Ce que l’on sait, plutôt ce qui est divulgué au public, c’est que l’Iran voudrait éviter une aggravation irréparable de la situation et regarde avec désillusion le groupe de Minsk de l’OSCE, qui s’est réuni le 30 octobre. En bref, la proposition pourrait viser à remplacer la plateforme de dialogue par une nouvelle, composée exclusivement des trois puissances régionales directement impliquées, à savoir Moscou, Téhéran et Ankara.
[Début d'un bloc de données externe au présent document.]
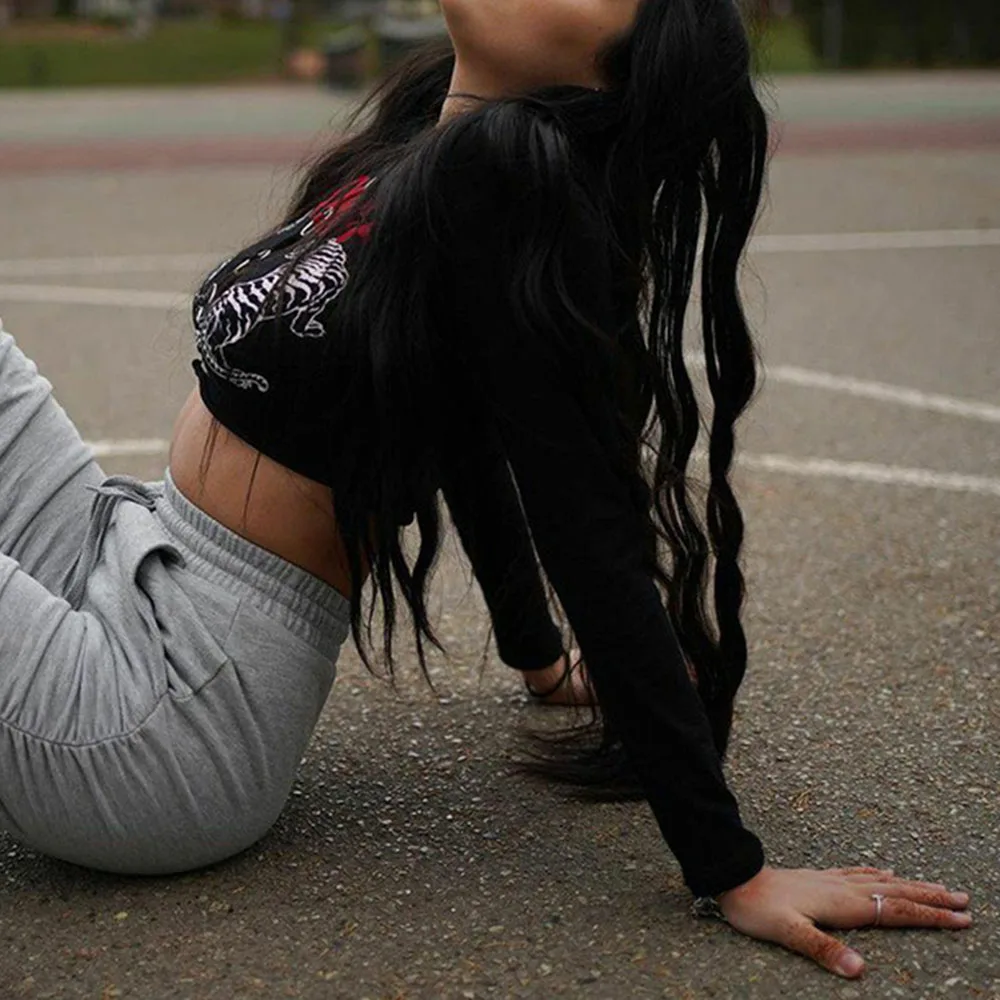 

Western Style Fashion Temperament Printing Hollow Out T-Shirt Navel Solid Color Hipster Round Neck Long Sleeve Casual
Cela peut-il fonctionner ?

Qu’Araqchi ait pu proposer de surmonter et/ou de compléter le format de Minsk, ne peut être exclu a priori et c’est une hypothèse étayée par deux indices. Le premier est que le 29 octobre, après avoir présenté la proposition à Erevan, le ministre des Affaires étrangères, Zohrab Mnatsakanyan, a déclaré que, tout en appréciant et reconnaissant le rôle iranien, « les coprésidents du groupe de Minsk sont le seul format convenu au niveau international pour la médiation et les négociations ».

Le deuxième indice est que la tournée a été précédée par l’appel du ministre iranien des Affaires étrangères, Mohammad Javad Zarif, à former un « cadre tripartite entre l’Iran, la Russie et la Turquie pour résoudre la crise arméno-azerbaïdjanaise ». Zarif a également précisé que l’Arménie « doit respecter l’intégrité territoriale de l’Azerbaïdjan ».

La proposition iranienne pourrait fonctionner pour une raison très simple: la Turquie, qui se considère comme une « grande puissance renaissante », recherche une reconnaissance internationale et tente de revendiquer ce rôle au moyen de campagnes musclées dans l’ancien espace ottoman. Le dépassement du cadre de Minsk au profit d’un dialogue tripartite s’inscrit exactement dans la direction recherchée et souhaitée par Recep Tayyip Erdogan et, de plus, éviterait la désintégration d’un trio dont dépend largement la fragile stabilité acquise en Syrie.

Il est vrai, cependant, que l’évolution des combats a considérablement compliqué le travail de la diplomatie secrète. En fait, l’avancée constante des forces armées azerbaïdjanaises vers des lieux clés pour la reconquête de la région contestée, comme le couloir Lachine et Shoushi, a considérablement réduit les chances de parvenir à un accord avec Bakou. Le dialogue avec la Turquie est donc la seule et la dernière manière dont la Russie et l’Iran doivent parvenir à un cessez-le-feu durable et éviter une éventuelle extension des hostilités à l’Arménie.